What the task requires:
Once the line containing "69651846 :رقم المزاد" is found, please copy it and all lines after it through the end of the records, exactly, leaving out pictures.

═══ Extracted information ═══

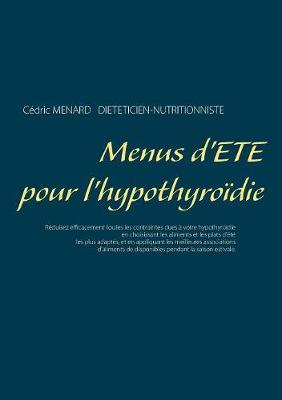 Book cover for Menus d'été pour l'hypothyroïdie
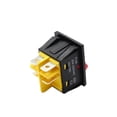 thumbnail image 2 of Rocker Switch Heavy Duty 4 Pin DPST IP67 Sealed KCD4 Waterproof T85 12V 24V Auto Boat Marine With LED ,Easy to Install, 2 of 5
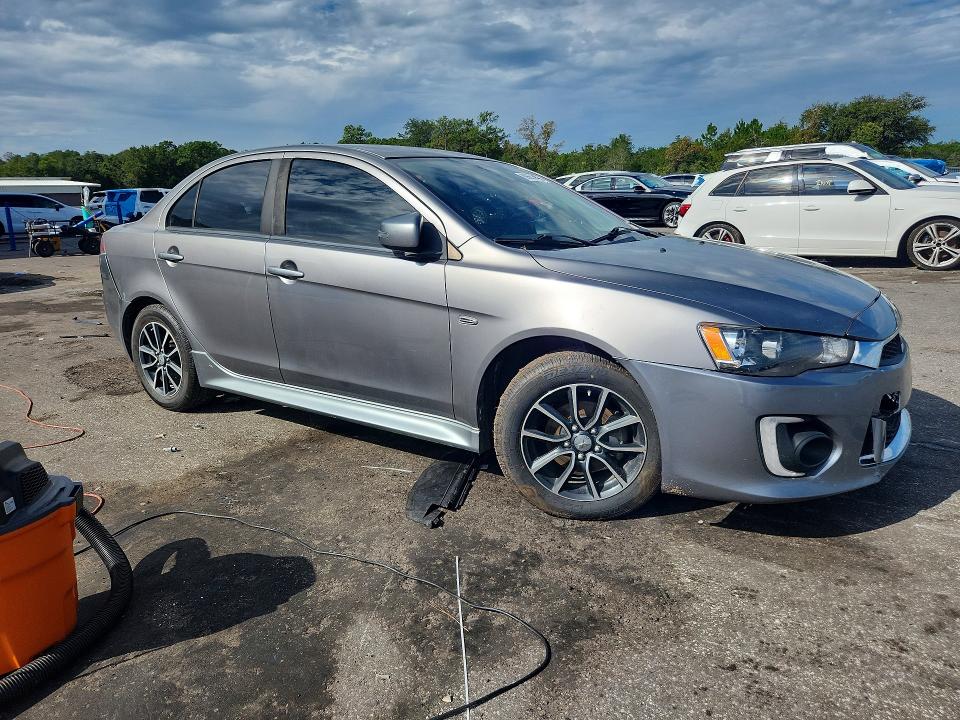 69651846 :رقم المزاد ، JA32U2FU0HU005253 vin ، 2017 Mitsubishi Lancer مزاد بيع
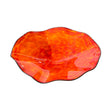 Macomber Glass Large Orange Bowl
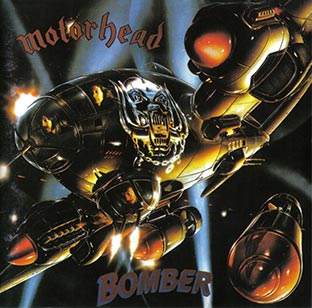 Bomber - Front Cover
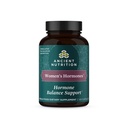 La nutrition ancienne Hormones des femmes, aide à réduire le stress, soutient l'énergie, l'équilibre hormonal, sans gluten, Paléo et Keto Friendly, 60 Capsules
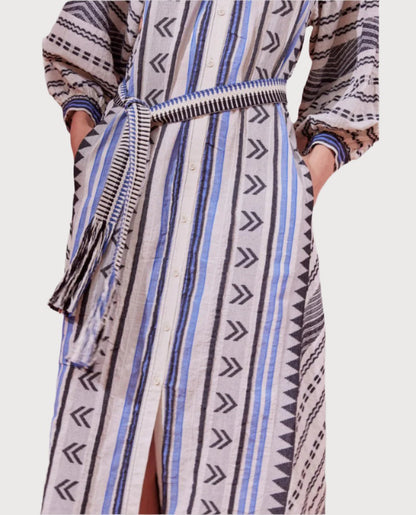 Devotion Twins Anteda Dress in print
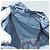 PRADA Backpack Nylon Light Blue Silver Auth BA10351 Silvery - view 23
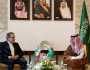 وزيرا خارجية السعودية وإيران يتحادثان عن 'تجنب زعزعة استقرار المنطقة'
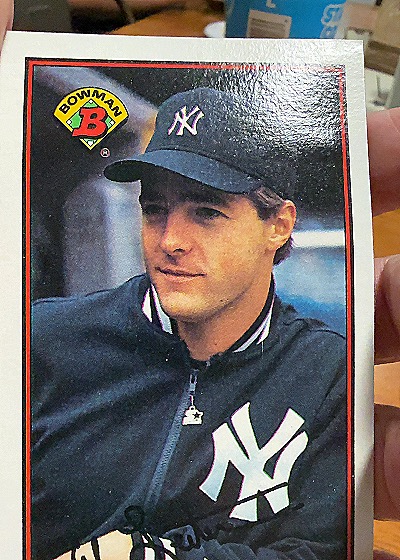 1989 Bowman #179 Al Leiter — front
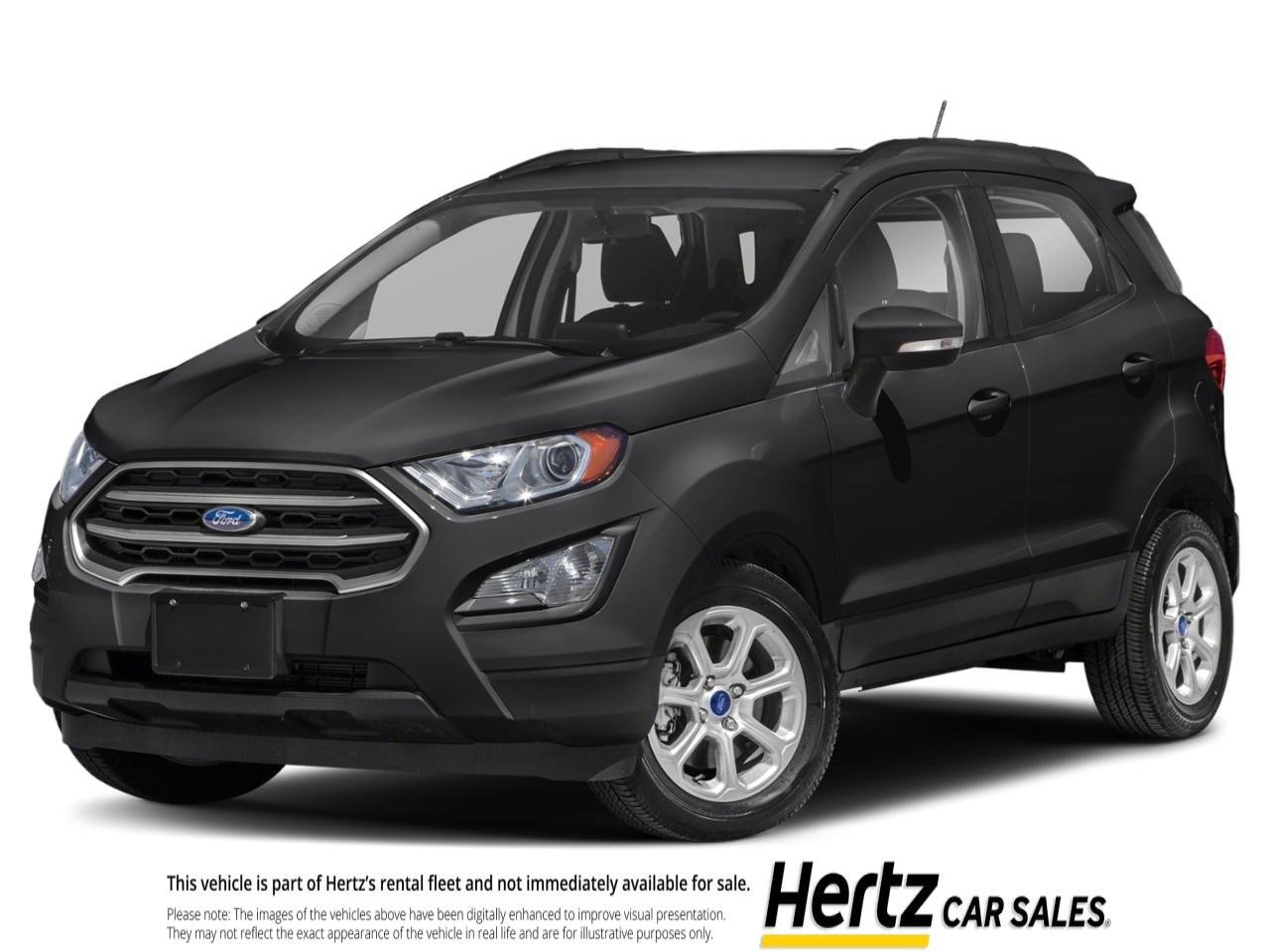 2021 Ford EcoSport SE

═══

Answer box:
 69651846 :رقم المزاد ، JA32U2FU0HU005253 vin ، 2017 Mitsubishi Lancer مزاد بيع
 Macomber Glass Large Orange Bowl
 Bomber - Front Cover
 La nutrition ancienne Hormones des femmes, aide à réduire le stress, soutient l'énergie, l'équilibre hormonal, sans gluten, Paléo et Keto Friendly, 60 Capsules
 Devotion Twins Anteda Dress in print
 PRADA Backpack Nylon Light Blue Silver Auth BA10351 Silvery - view 23
 وزيرا خارجية السعودية وإيران يتحادثان عن 'تجنب زعزعة استقرار المنطقة'
 1989 Bowman #179 Al Leiter — front
 2021 Ford EcoSport SE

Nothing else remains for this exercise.